Con todas aquellas indebidas apropiaciones,
se perdió la paz, la concordia y la fraternidad.
Algunos hombres comenzaron a revestirse de
ridículos y odiosos títulos nobiliarios y de pomposas dignidades. Y sometieron
a servidumbre y a esclavitud a sus semejantes, abjuraron de lo concordado,
hollaron los derechos naturales de los demás, con ello quedó denigrado el común
de los seres humanos.
No bastó con que la inmensa mayoría de las
gentes que formaban aquel antiguo conjunto social fuesen fieles y consecuentes
con los compromisos que de antemano tenían concertados, ni tampoco con optar
por guardar aquella natural y fraternal sociabilidad familiar tradicional. El
mal está en que algunos hombres quisieron y quieren conseguir de su naturaleza
personal más de lo que ella les puede dar.
Aristóteles en “La Política , capítulo VII” dice algo pertinente al caso:
“Es cosa evidente que si conocemos las causas que arruinan los Estados, debemos
conocer igualmente las causas que los conservan. Lo contrario produce siempre lo contrario, y
la destrucción es lo opuesto a la conservación”.
Nunca faltaron, ni faltan, hombres que son
proclives a querer tener más derechos que los demás. Por culpa de esos pocos
engreídos surgieron las discordias, los engaños, las traiciones, los crímenes,
las guerras. Por hombres que no quieren comprender que no es justo apropiarse
el trabajo de los demás, y que es preciso el intercambio de ideas y de
esfuerzos para progresar.
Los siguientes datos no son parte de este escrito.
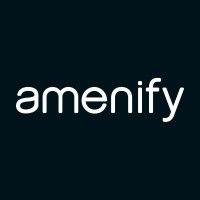 amenify logo image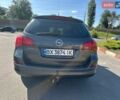 Сірий Опель Астра, об'ємом двигуна 1.7 л та пробігом 264 тис. км за 6999 $, фото 12 на Automoto.ua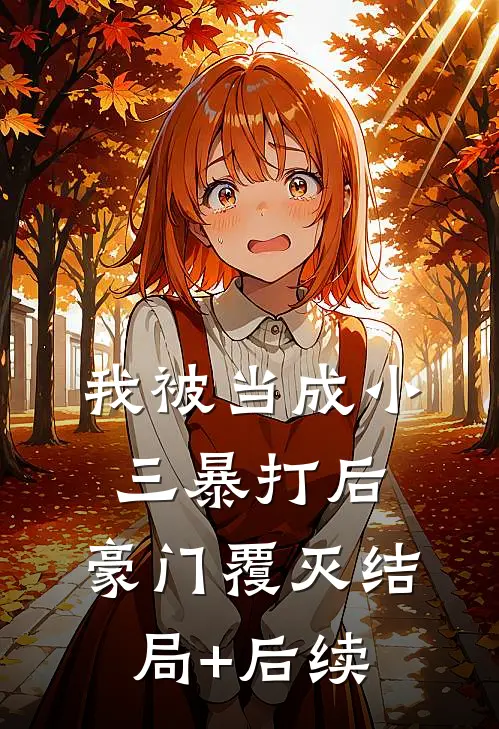 我被当成小三暴打后，豪门覆灭结局+后续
Hombres que no comprenden que el aislamiento
embrutece y embota las facultades mentales de la persona.
Suscribo un mito que viene al caso y dice
así: “Es preciso que interceda Mitra para doblegar a Ahrimán. Y que pueda
imperar Ormuz en toda la tierra y con él florezca la luz y con ésta la armonía
y la paz”.
Aquellos hombres egoístas no solidarios
sólo procuraron elevar su propio y personal nivel social y su manera de vivir,
aunque ello fuese a costa de agobiar con fatigosos y duros trabajos no
remunerados debidamente a los demás. Intentaron cargar los trabajos y las
fatigas a los otros. Y para conseguir esto no dudaron en usar la violencia. Así
impusieron las desigualdades y las esclavitudes. Esclavitudes que, con algunas
determinadas mutaciones, seguirán mientras haya amos y criados, mientras haya
empresarios y asalariados.
Aquellos hombres, en vez de preocuparse
por el progreso de las gentes del pueblo, más bien se sirvieron de las gentes
para su propio y personal engrandecimiento, para amontonar riquezas y honores
para ellos y para sus particulares familias. Usaron y usan torticeramente los
conocimientos del bien y del mal. Han creado, en su lugar, tres ponzoñosas
injusticias de ámbito mundial, injusticias que dieron al traste con la paz y
con la honradez. Tales son “la idea de las patrias y las apropiaciones indebidas, tanto de los elementos naturales como del trabajo de los demás".